Ready to Work: The FORCE Campaign against Records Discrimination

Posted on: April 8th, 2013
In my forthcoming book on faith-based exit from gang life, God’s Gangs, I frame incarceration as one of the most racialized social policy issues in contemporary America. Following the 1960s Civil Rights movements, and the outright resistance against it, racist backlash emerged through the coded rhetoric of “law and order” and “family values.” The War on Drugs ensued, and incarceration rates skyrocketed. Our country has now become one of the most unfree in the industrialized world. We incarcerate more people than the top 35 European countries combined, and as of 2008, one in one hundred Americans were sitting behind bars.[i] [ii] In fact, in no country do children receive a sentence of “life without parole,” whereas in America we have thousands of such cases.
The devastating effects of mass incarceration have been sharply skewed by race. In 2001, the U.S. Department of Justice- Bureau of Justice Statistics projected that black boys born today would face a one in three chance of experiencing incarceration sometime throughout their life.[iii] More shockingly, Harvard sociologist Bruce Western found that Black men aged 20 to 34, without a high school diploma, were more likely to be incarcerated than employed in the labor market.[iv] The late 20th century shift away from an informally segregationist society, to one in which the state uses incarceration to exercise social control over communities of color, is what Michelle Alexander calls “The New Jim Crow.” 
On Tuesday, April 16th, the Community Renewal Society (CRS), a grassroots coalition of civic-oriented churches, will load up several, big yellow school buses, and send hundreds of members down to the state capitol.

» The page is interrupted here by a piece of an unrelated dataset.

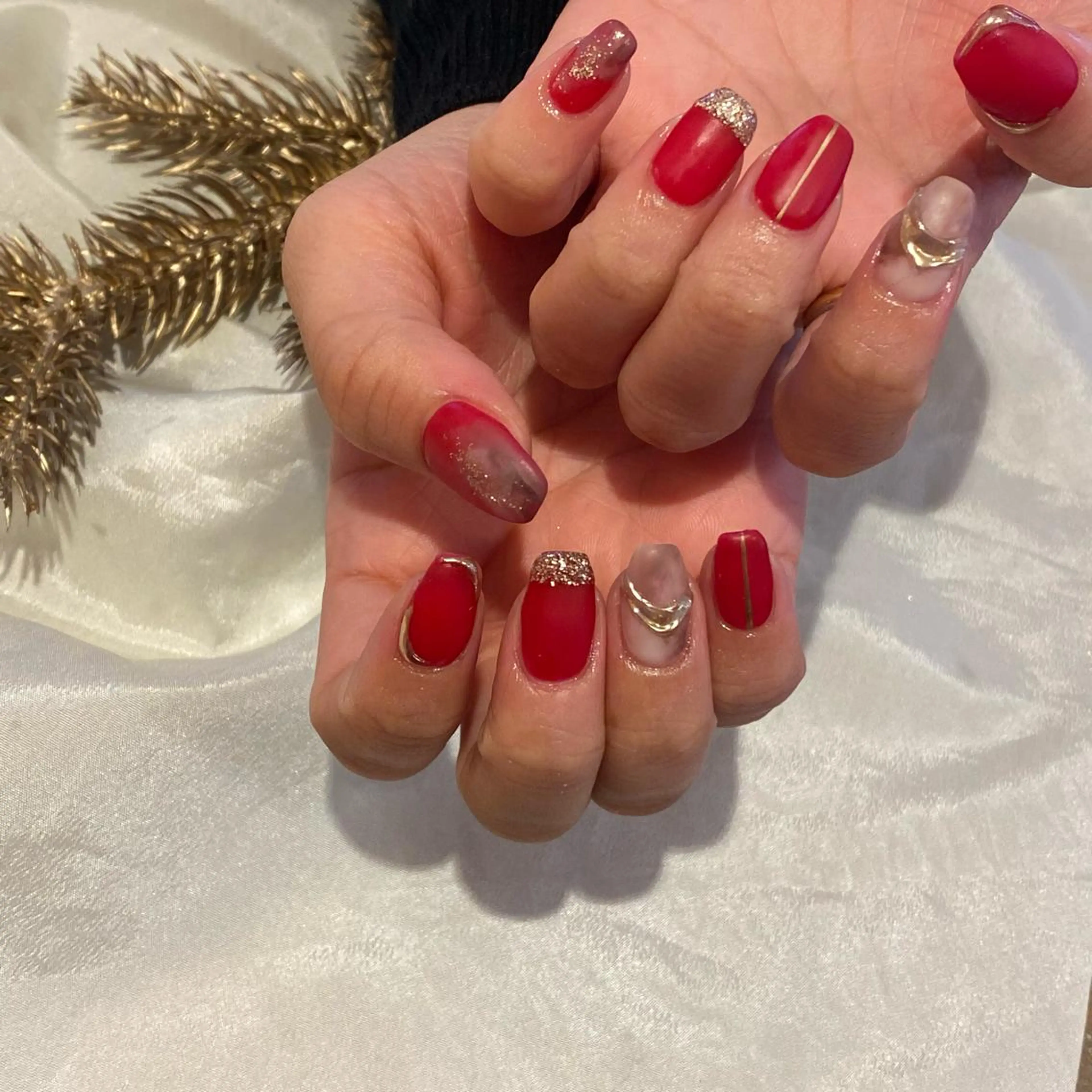 ネイル ハンドネイル Chipieee Tokyoのその他イメージ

They will be supporting this year’s “Platform for Renewal” agenda: legislative action items promoting fair tax reform, gun control, and the sealing of criminal records. One of the main issues on Community Renewal Society’s agenda will be HB-3061, also known as the “Sealing Bill.” Advocated by Fighting to Overcome Records and Create Equality (FORCE), which is possibly the first ex-offender led community organizing group, the legislation in HB-3061 would open the possibility of petitioning the courts to seal records of non-violent felony convictions over four years old. Sealing these records would help to erase the stigma of prior convictions, and make it easier for ex-offenders to find employment after incarceration. Such employment could become vital to preventing further incarceration; ex-offenders who successfully find work after release are less likely to return to jail.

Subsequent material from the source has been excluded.